--- START ---

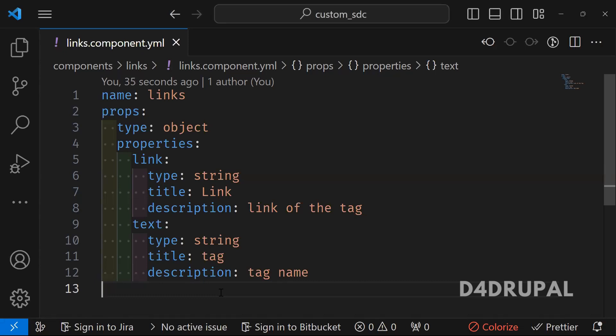Hello everyone, welcome to D4Drupal channel. Today we are going to see how to write component.yml file in your single directory component.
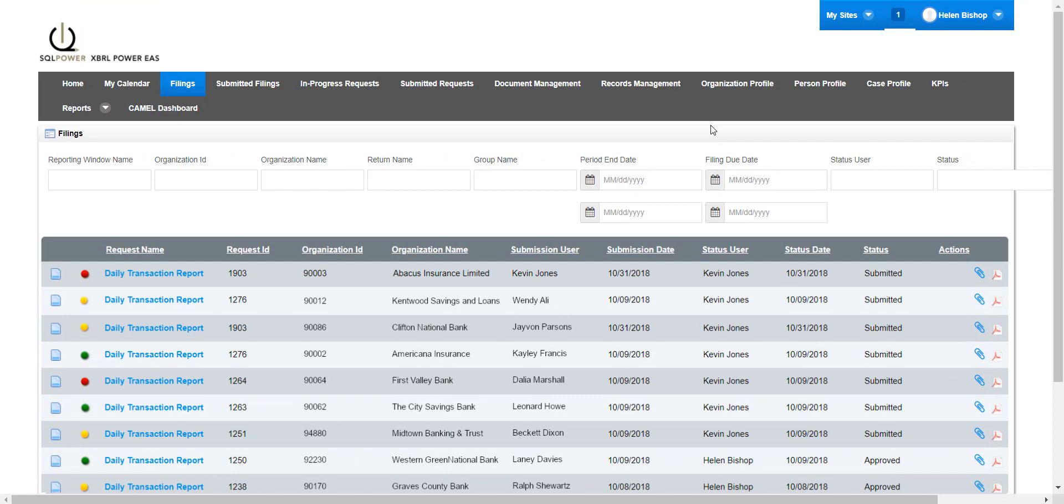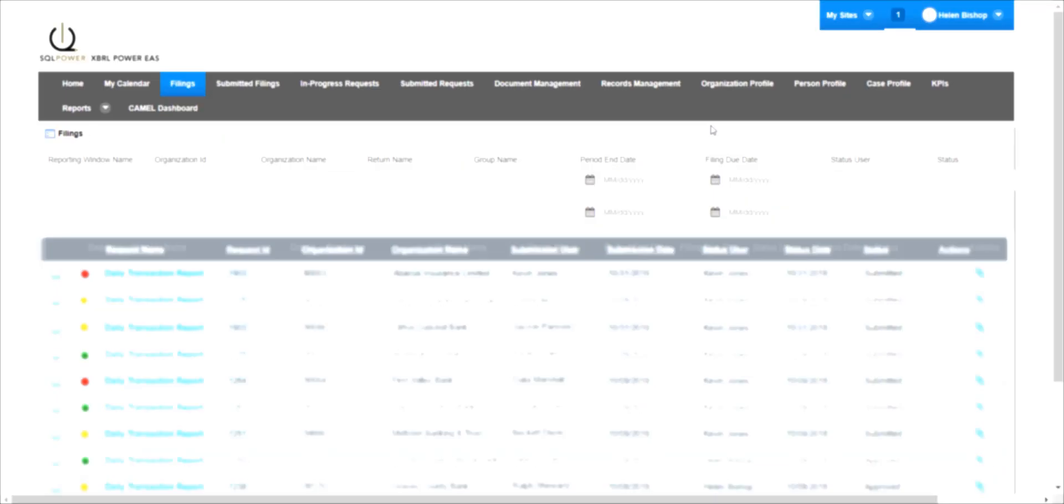Inline analytics aims to reduce the manual low-value work associated with ongoing risk assessment so analysts can focus on more high-value decision-making tasks. Contact us to find out how SQL Power can help your organization leverage inline analytics to manage ongoing risk assessments.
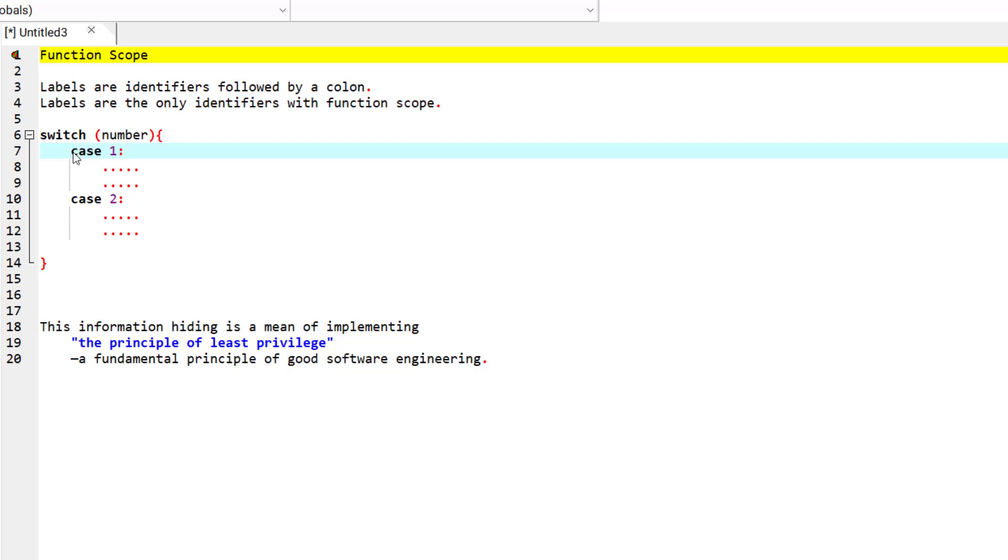That means that labels can only be used anywhere in the function in which they appear, but they cannot be referenced outside of the function body. Labels are hidden in the function in which they are defined.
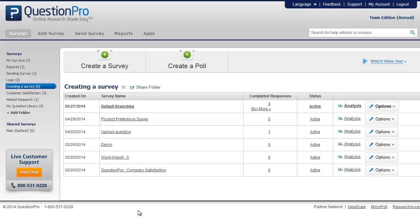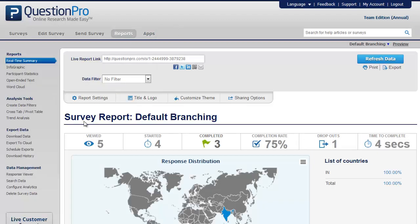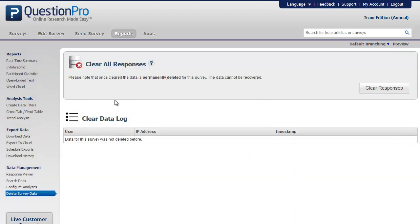This video will show how to clear all the results of your survey. To delete survey data, click on Reports, then click on Delete Survey Data under the Data Management section. Once here, click on Clear Responses to delete all the data of your survey.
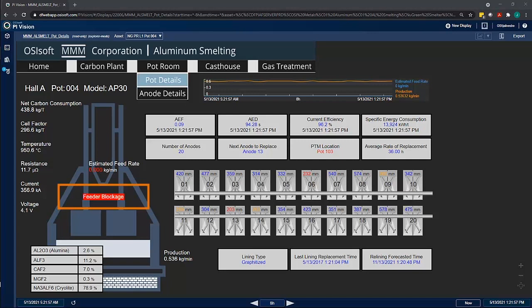This type of virtual sensor is an example of a value add that can be implemented in the PI System with the knowledge derived from process engineers.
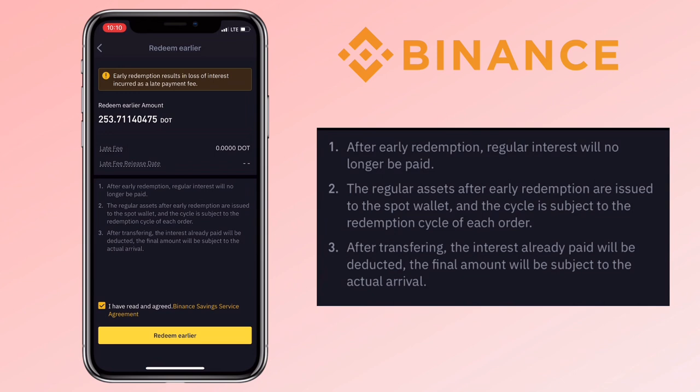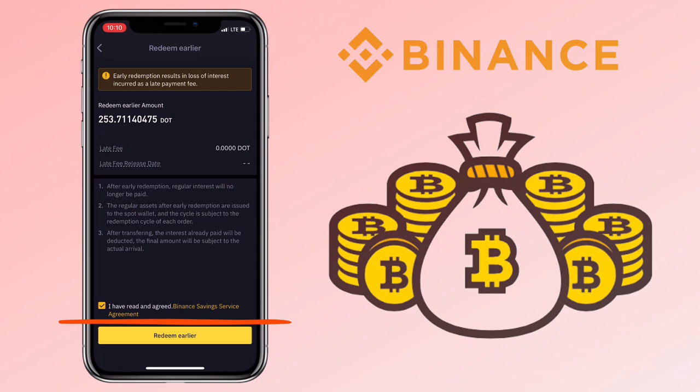The final amount will be subject to the actual arrival. Once you're sure about it, agree to its terms and tap 'I have read and agreed,' then press Redeem Earlier.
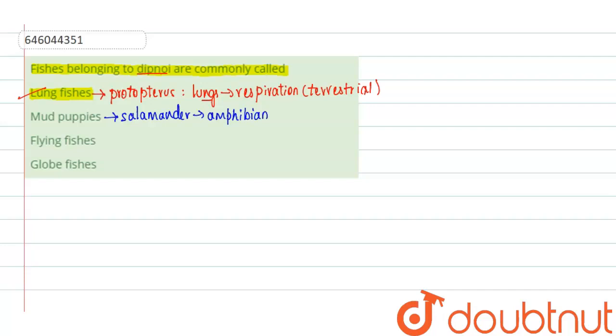And the third option is flying fishes. Flying fishes belongs to the exocoetus, so even this is not the right answer. Even this is a fish.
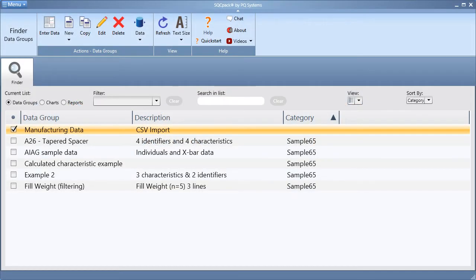In this video segment, we will cover the necessary steps for configuring SQCPAC users and user roles. Doing so will ensure only authorized personnel can work with various levels of the program.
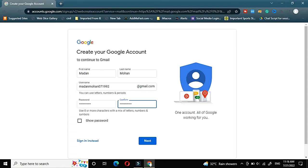Here it is telling use eight or more characters with a mix of letters, numbers and symbols. You can use minimum eight. Maximum is not given. But minimum you should use eight characters and that also you can mix letters, numbers and symbols.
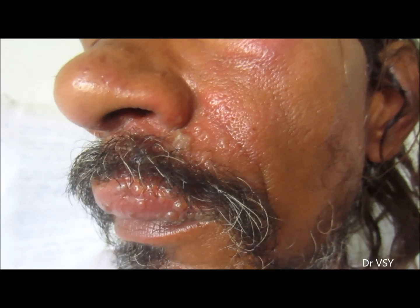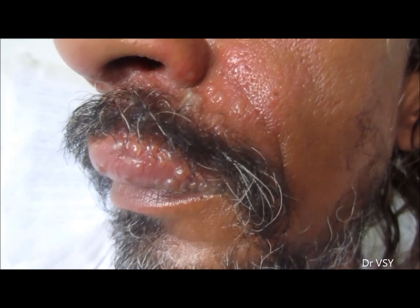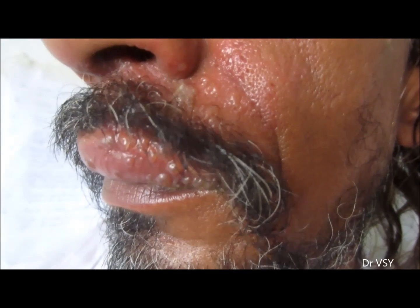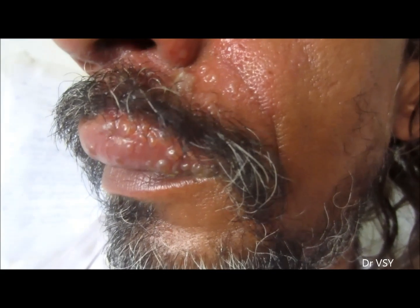Have a look at these lesions which are present on the upper lip, on the nose, on the cheek, and near the eye. These lesions are in the form of blisters.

--- END ---

*Work instruction*
Look above for the line with "Inline analytics aims" and the line with "This video will". Copy them and every line between, exactly, but no pictures.

*Task response*
Inline analytics aims to reduce the manual low-value work associated with ongoing risk assessment so analysts can focus on more high-value decision-making tasks. Contact us to find out how SQL Power can help your organization leverage inline analytics to manage ongoing risk assessments.
That means that labels can only be used anywhere in the function in which they appear, but they cannot be referenced outside of the function body. Labels are hidden in the function in which they are defined.
This video will show how to clear all the results of your survey. To delete survey data, click on Reports, then click on Delete Survey Data under the Data Management section. Once here, click on Clear Responses to delete all the data of your survey.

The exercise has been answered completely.